**BRIEF:**
Nothing but the lines from the top of the following entries through the line with "Clearance*** lip/labret jewelry assorted bag" should be printed, exactly as they are.

**GIVEN RECORDS:**
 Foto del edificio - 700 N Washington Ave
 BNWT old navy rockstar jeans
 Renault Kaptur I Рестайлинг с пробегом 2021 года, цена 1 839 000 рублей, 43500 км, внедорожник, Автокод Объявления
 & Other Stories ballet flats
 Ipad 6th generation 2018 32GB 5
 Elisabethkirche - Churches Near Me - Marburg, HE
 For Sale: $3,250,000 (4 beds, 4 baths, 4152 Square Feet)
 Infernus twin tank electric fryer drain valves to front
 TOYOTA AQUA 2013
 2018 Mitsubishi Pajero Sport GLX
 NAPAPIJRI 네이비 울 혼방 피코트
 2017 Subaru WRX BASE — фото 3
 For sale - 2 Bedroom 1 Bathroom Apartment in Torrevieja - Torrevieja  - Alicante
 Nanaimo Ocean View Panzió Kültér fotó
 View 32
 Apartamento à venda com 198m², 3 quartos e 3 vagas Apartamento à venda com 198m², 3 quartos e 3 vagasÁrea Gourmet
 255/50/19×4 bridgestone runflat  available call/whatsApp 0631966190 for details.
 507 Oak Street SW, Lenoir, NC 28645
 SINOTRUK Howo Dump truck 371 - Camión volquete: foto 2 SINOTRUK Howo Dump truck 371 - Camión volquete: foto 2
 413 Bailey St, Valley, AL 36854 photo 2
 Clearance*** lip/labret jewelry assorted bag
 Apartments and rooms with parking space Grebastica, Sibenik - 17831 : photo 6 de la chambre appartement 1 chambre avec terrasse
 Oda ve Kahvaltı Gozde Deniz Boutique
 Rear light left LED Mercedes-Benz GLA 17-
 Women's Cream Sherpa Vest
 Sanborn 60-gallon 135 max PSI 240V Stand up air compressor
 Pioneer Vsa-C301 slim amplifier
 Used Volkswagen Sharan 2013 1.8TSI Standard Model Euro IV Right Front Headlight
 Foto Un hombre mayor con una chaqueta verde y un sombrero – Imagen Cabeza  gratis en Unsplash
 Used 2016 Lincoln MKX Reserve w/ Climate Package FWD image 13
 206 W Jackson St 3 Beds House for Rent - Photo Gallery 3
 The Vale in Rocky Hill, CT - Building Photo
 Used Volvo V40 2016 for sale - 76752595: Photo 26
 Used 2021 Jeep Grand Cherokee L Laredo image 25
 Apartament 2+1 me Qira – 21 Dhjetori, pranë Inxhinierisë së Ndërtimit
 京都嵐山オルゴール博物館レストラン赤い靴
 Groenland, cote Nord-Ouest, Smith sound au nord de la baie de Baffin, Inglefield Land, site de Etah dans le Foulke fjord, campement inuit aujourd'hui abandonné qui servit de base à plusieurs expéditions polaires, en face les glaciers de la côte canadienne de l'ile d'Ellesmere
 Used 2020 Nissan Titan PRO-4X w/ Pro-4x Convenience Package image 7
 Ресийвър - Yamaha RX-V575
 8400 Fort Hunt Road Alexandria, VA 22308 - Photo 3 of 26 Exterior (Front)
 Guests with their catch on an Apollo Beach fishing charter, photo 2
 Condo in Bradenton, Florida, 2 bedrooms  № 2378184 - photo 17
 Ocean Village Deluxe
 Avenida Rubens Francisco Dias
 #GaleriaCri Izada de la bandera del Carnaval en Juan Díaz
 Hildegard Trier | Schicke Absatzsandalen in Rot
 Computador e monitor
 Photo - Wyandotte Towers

**EXPECTED ANSWER:**
 Foto del edificio - 700 N Washington Ave
 BNWT old navy rockstar jeans
 Renault Kaptur I Рестайлинг с пробегом 2021 года, цена 1 839 000 рублей, 43500 км, внедорожник, Автокод Объявления
 & Other Stories ballet flats
 Ipad 6th generation 2018 32GB 5
 Elisabethkirche - Churches Near Me - Marburg, HE
 For Sale: $3,250,000 (4 beds, 4 baths, 4152 Square Feet)
 Infernus twin tank electric fryer drain valves to front
 TOYOTA AQUA 2013
 2018 Mitsubishi Pajero Sport GLX
 NAPAPIJRI 네이비 울 혼방 피코트
 2017 Subaru WRX BASE — фото 3
 For sale - 2 Bedroom 1 Bathroom Apartment in Torrevieja - Torrevieja  - Alicante
 Nanaimo Ocean View Panzió Kültér fotó
 View 32
 Apartamento à venda com 198m², 3 quartos e 3 vagas Apartamento à venda com 198m², 3 quartos e 3 vagasÁrea Gourmet
 255/50/19×4 bridgestone runflat  available call/whatsApp 0631966190 for details.
 507 Oak Street SW, Lenoir, NC 28645
 SINOTRUK Howo Dump truck 371 - Camión volquete: foto 2 SINOTRUK Howo Dump truck 371 - Camión volquete: foto 2
 413 Bailey St, Valley, AL 36854 photo 2
 Clearance*** lip/labret jewelry assorted bag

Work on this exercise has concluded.